AMD Ryzen 7 4800H iGPU reset when any GPGPU (ROCm) process exits
Brief summary of the problem:
While GPGPU applications built atop of ROCm (HIP or OpenCL) seem to work the moment the process exits iGPU goes through GPU reset. It doesn't really matter what specific application is GPU compute used by. However it seems to be related to kernel submission as this does happen for simple "clpeak" (it runs OK up until the exit), but GPU reset is not triggered by "rocm-bandwidth-test".

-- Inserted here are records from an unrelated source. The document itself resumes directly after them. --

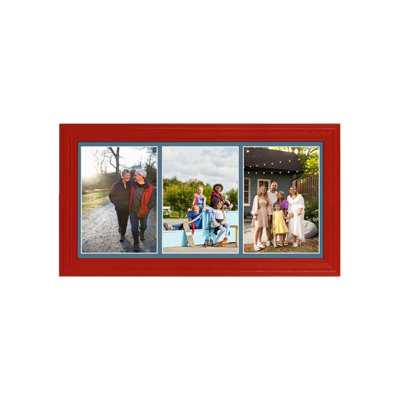 16X8 Red Classic Multi Photo Frame with Pompadour Mount - Holds 3 ...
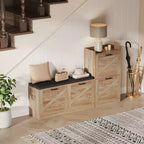 Banc de rangement à chaussures en bois avec 4 tiroirs basculants et coussin d'assise rembourré, meuble à chaussures étroit et discret pour couloir et entrée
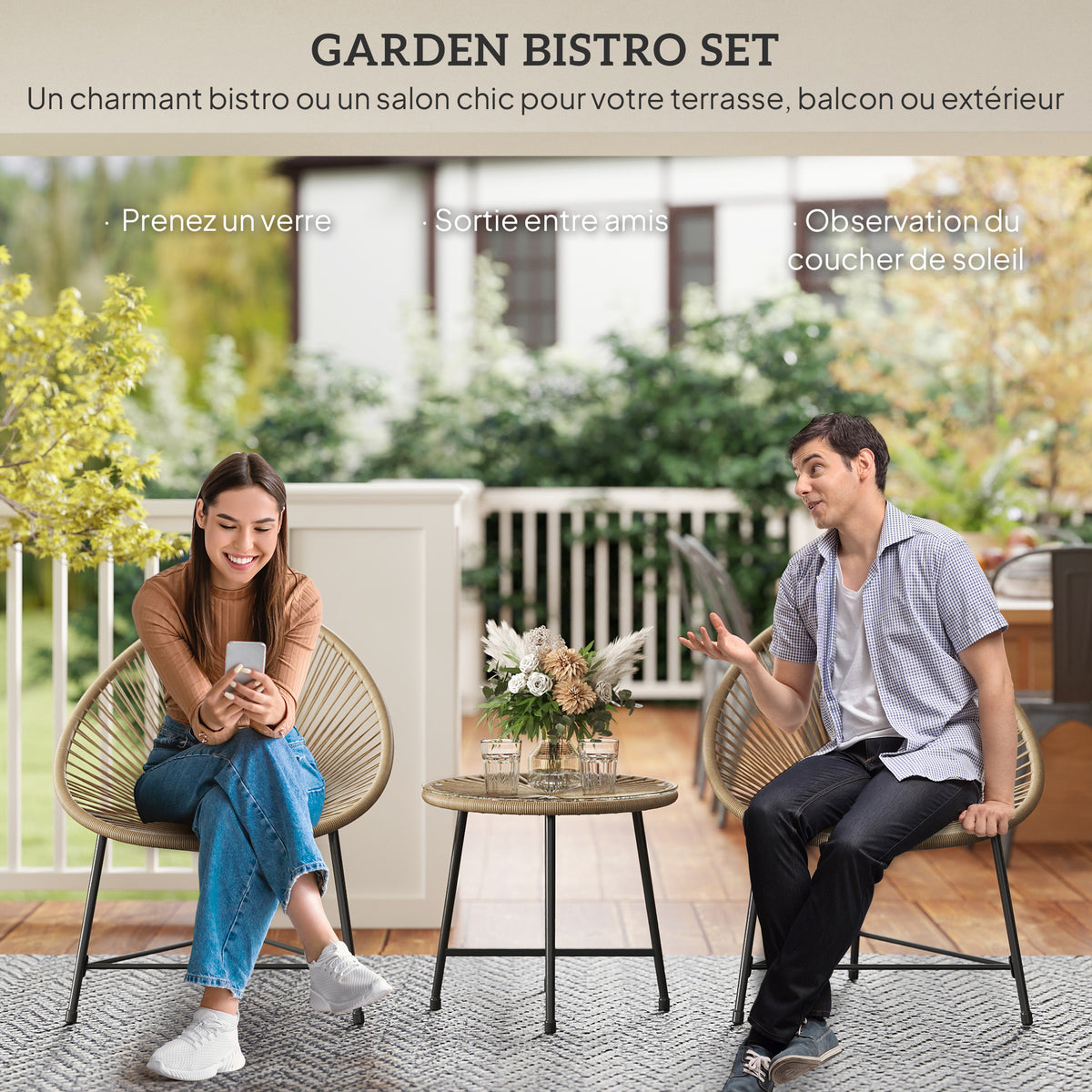 Set de jardín exterior de ratán sintético para 2 personas, tablero de vidrio templado, para balcón, terraza o patio, natural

This issue can be easily reproduced and persists over many kernel and ROCm versions (up to ROCm 4.3.1 and kernel 5.14.11 as packaged in OpenSUSE Tumbleweed). The ROCm installation is using upstream AMDGPU.
The relevant part of system log appears to be (full log attached bellow):
Oct 22 21:03:45 Lenovo-Legion-5 kernel: Workqueue: kfd_process_wq kfd_process_wq_release [amdgpu]
Oct 22 21:03:45 Lenovo-Legion-5 kernel: amdgpu_bo_unref+0x1a/0x30 [amdgpu 6ab19f992d715cc3ec06ce19987cd61f7e1fbad3]
Oct 22 21:03:45 Lenovo-Legion-5 kernel: amdgpu_gem_object_free+0x30/0x50 [amdgpu 6ab19f992d715cc3ec06ce19987cd61f7e1fbad3]
Oct 22 21:03:45 Lenovo-Legion-5 kernel: amdgpu_amdkfd_gpuvm_free_memory_of_gpu+0x326/0x390 [amdgpu 6ab19f992d715cc3ec06ce19987cd61f7e1fbad3]
Oct 22 21:03:45 Lenovo-Legion-5 kernel: kfd_process_device_free_bos+0x9d/0xe0 [amdgpu 6ab19f992d715cc3ec06ce19987cd61f7e1fbad3]
Oct 22 21:03:45 Lenovo-Legion-5 kernel: kfd_process_wq_release+0x20d/0x2e0 [amdgpu 6ab19f992d715cc3ec06ce19987cd61f7e1fbad3]
Oct 22 21:08:01 Lenovo-Legion-5 kernel: amdgpu: qcm fence wait loop timeout expired
Oct 22 21:08:01 Lenovo-Legion-5 kernel: amdgpu: The cp might be in an unrecoverable state due to an unsuccessful queues preemption
Oct 22 21:08:01 Lenovo-Legion-5 kernel: amdgpu: Failed to evict process queues
Oct 22 21:08:01 Lenovo-Legion-5 kernel: amdgpu: Failed to quiesce KFD
Oct 22 21:08:01 Lenovo-Legion-5 kernel: amdgpu 0000:06:00.0: amdgpu: GPU reset begin!
Hardware description:
- CPU: AMD Ryzen 7 4800H
- GPU: (gfx902) 06:00.0 VGA compatible controller [0300]: Advanced Micro Devices, Inc. [AMD/ATI] Renoir [1002:1636] (rev c6)
- System Memory: 64GB
System information:
- Distro name and Version: OpenSUSE Tumbleweed
- Kernel version: Linux Lenovo-Legion-5 5.14.11-2-default #1 (closed) SMP Sun Oct 10 08:34:34 UTC 2021 (834dddd) x86_64 x86_64 x86_64 GNU/Linux
- Custom kernel: N/A (upstream/default from OpenSUSE Tumbleweed)
- AMD official driver version: N/A
- ROCm 4.3.1 (from AMD repositories without DKMS driver)
How to reproduce the issue:
Run any GPGPU application built on ROCm.